"""
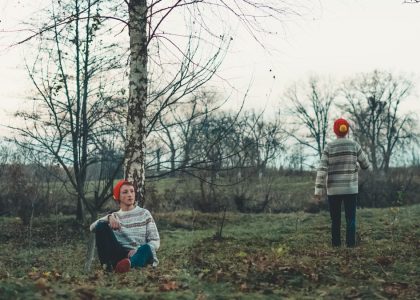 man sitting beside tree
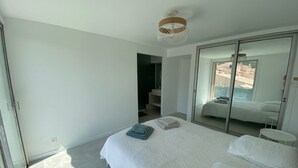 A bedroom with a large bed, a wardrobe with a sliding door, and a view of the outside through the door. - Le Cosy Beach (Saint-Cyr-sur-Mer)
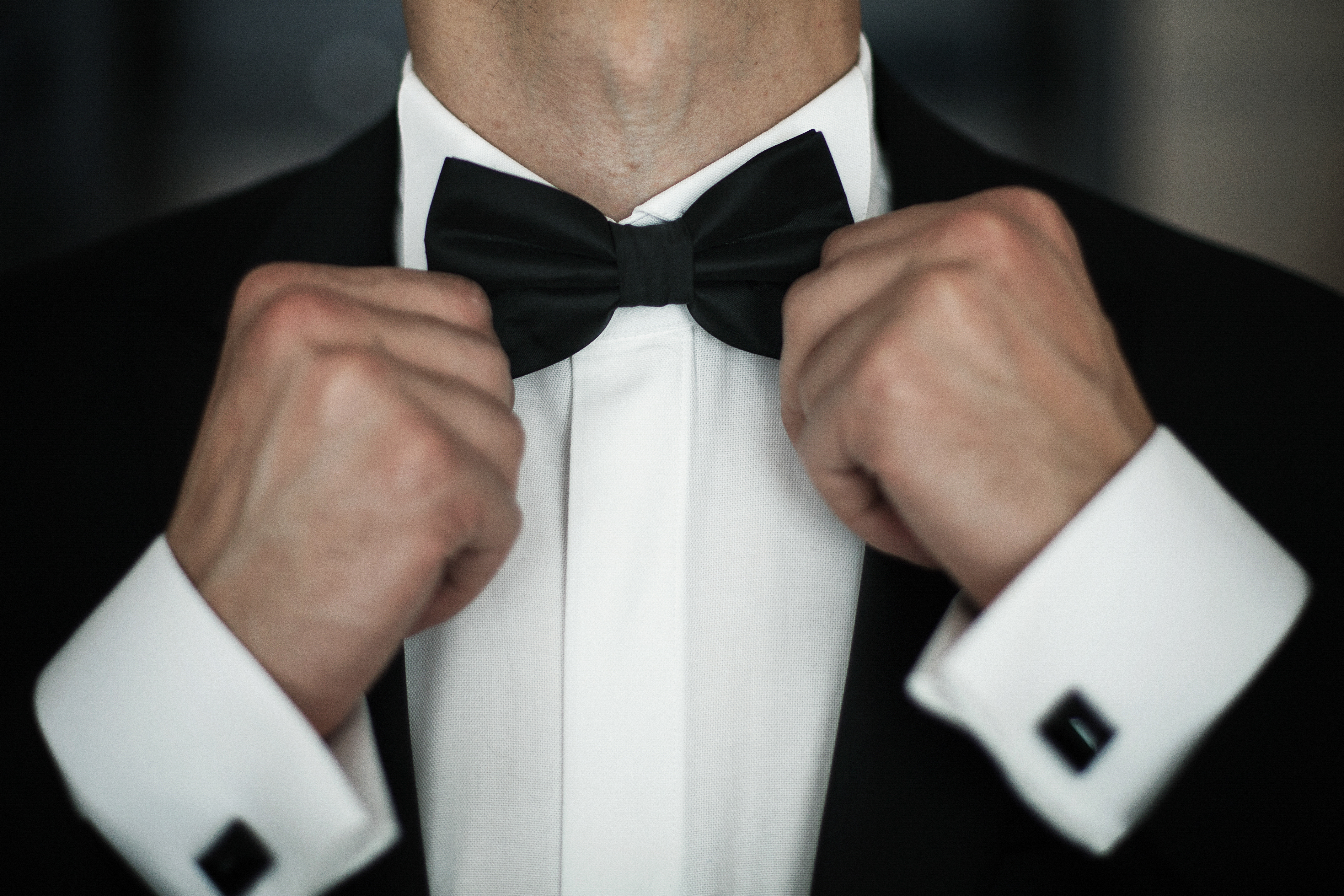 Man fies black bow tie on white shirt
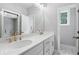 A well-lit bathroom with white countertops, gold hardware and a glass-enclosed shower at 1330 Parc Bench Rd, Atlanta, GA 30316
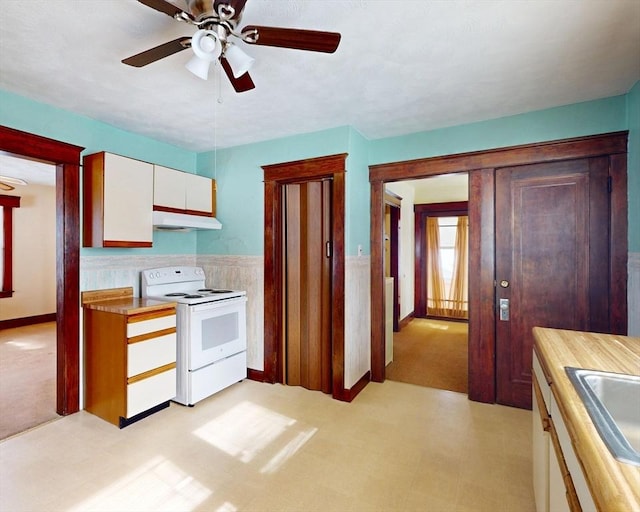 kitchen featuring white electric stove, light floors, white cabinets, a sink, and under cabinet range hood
"""
"""
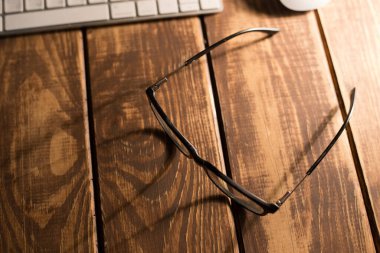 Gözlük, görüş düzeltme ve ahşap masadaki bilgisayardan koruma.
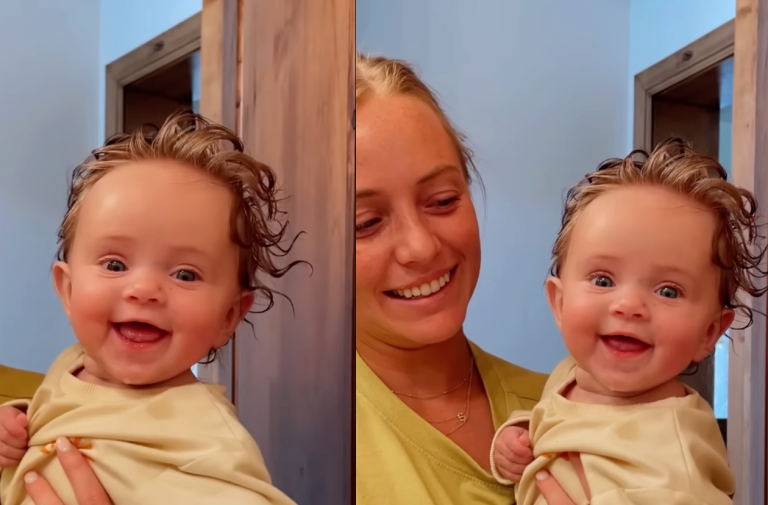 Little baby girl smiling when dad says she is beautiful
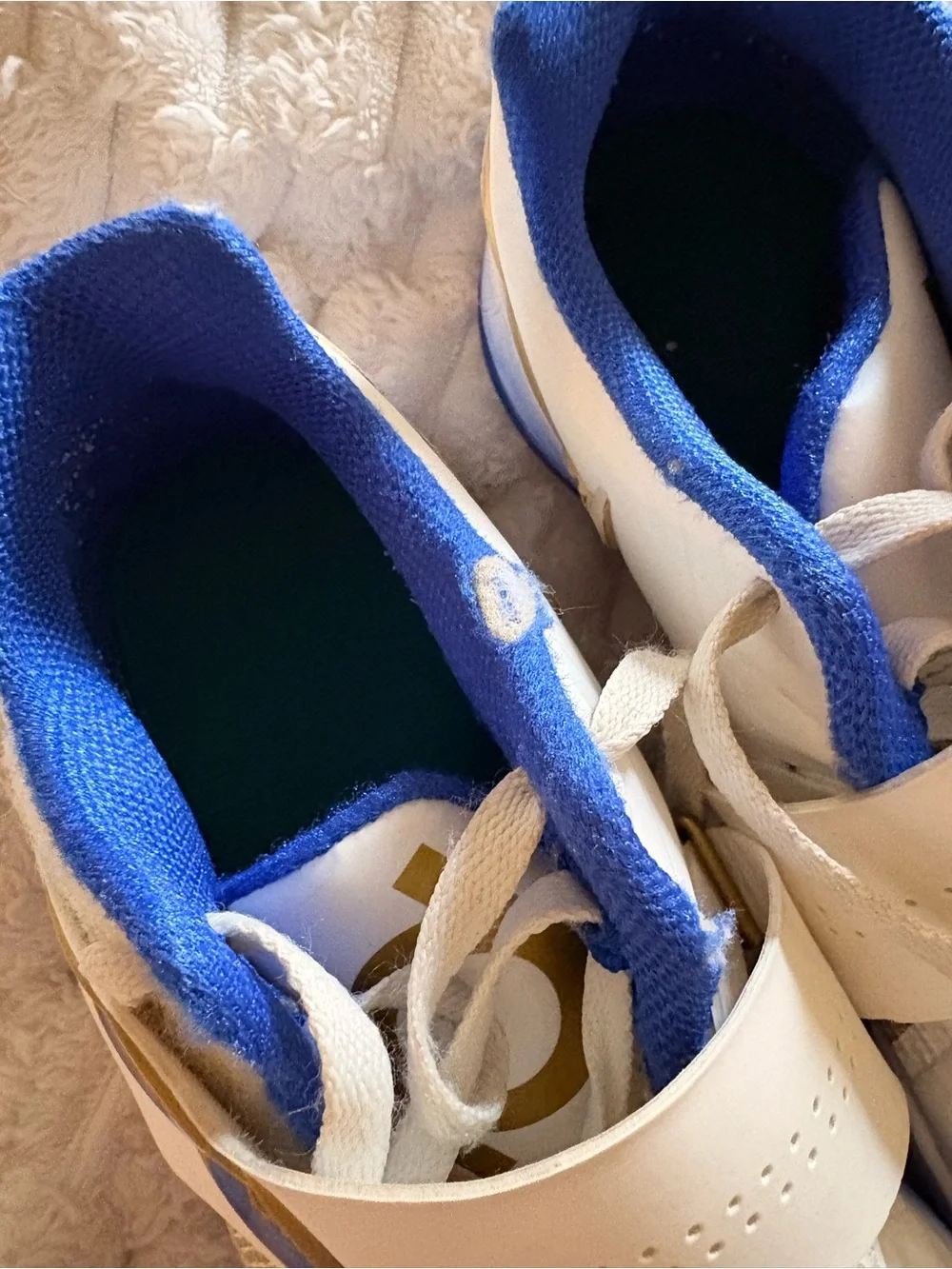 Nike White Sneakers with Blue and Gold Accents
"""
"""
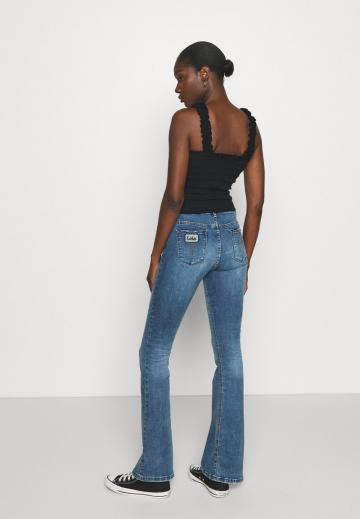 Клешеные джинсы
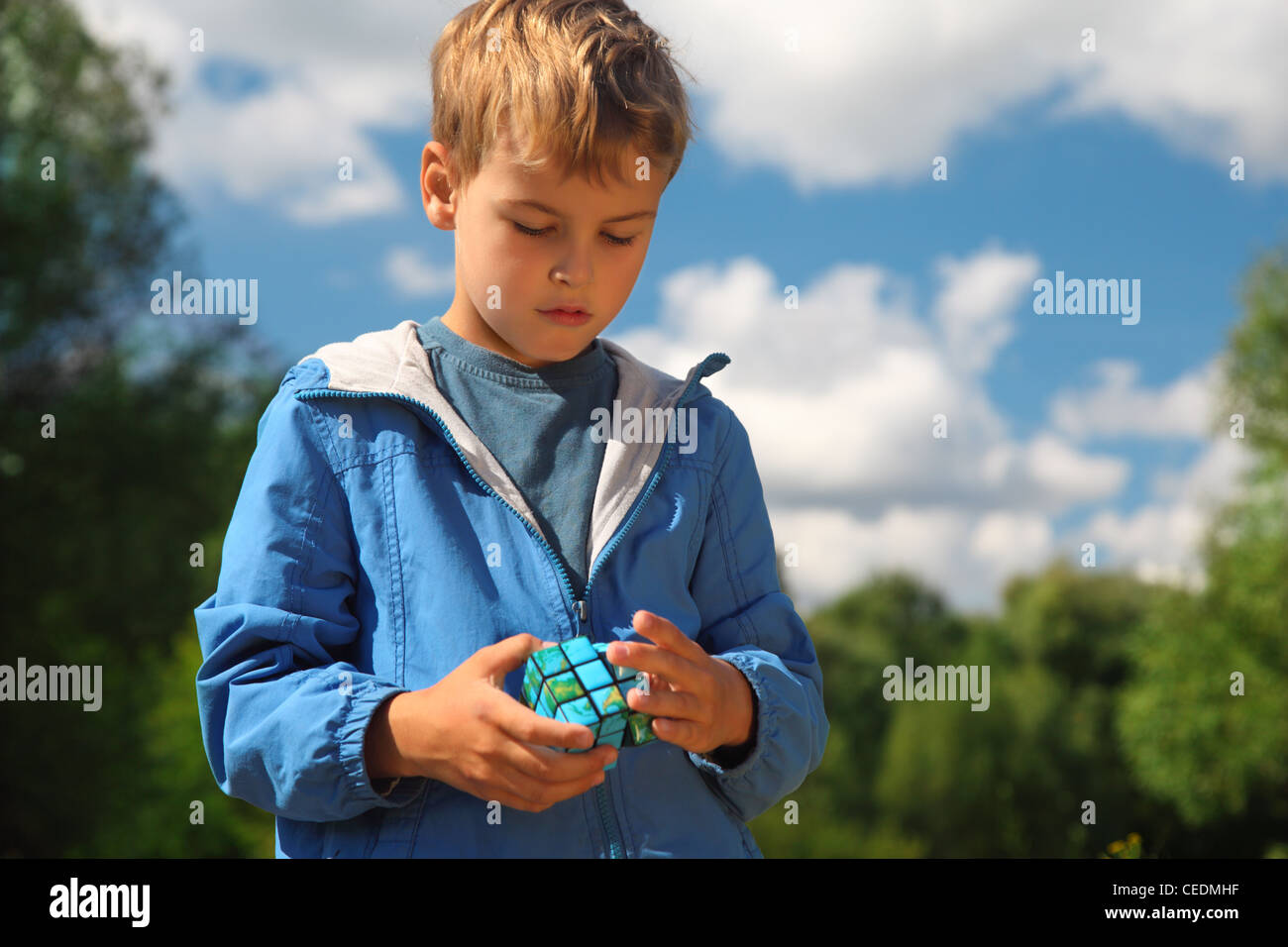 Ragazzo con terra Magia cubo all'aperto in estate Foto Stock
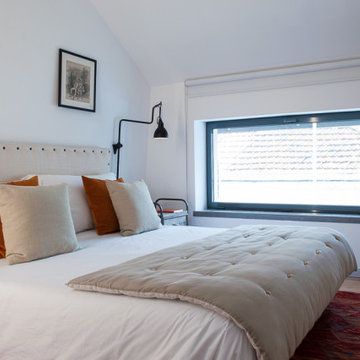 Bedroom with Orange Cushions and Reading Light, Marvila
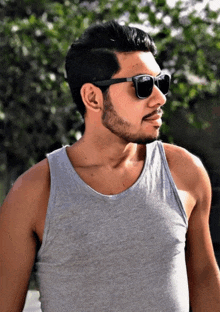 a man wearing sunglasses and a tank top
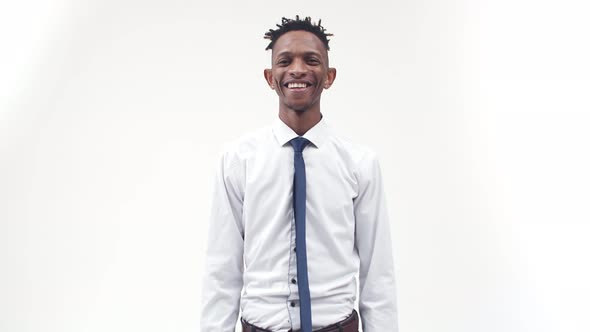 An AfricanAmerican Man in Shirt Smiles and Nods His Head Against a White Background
"""
■ **To do**
From the records above, output only the lines starting at the one containing "man sitting beside tree" and ending at the one containing "kitchen featuring white", word for word. Pictures stay out.

■ **Solution to this problem**
 man sitting beside tree
 A bedroom with a large bed, a wardrobe with a sliding door, and a view of the outside through the door. - Le Cosy Beach (Saint-Cyr-sur-Mer)
 Man fies black bow tie on white shirt
 A well-lit bathroom with white countertops, gold hardware and a glass-enclosed shower at 1330 Parc Bench Rd, Atlanta, GA 30316
 kitchen featuring white electric stove, light floors, white cabinets, a sink, and under cabinet range hood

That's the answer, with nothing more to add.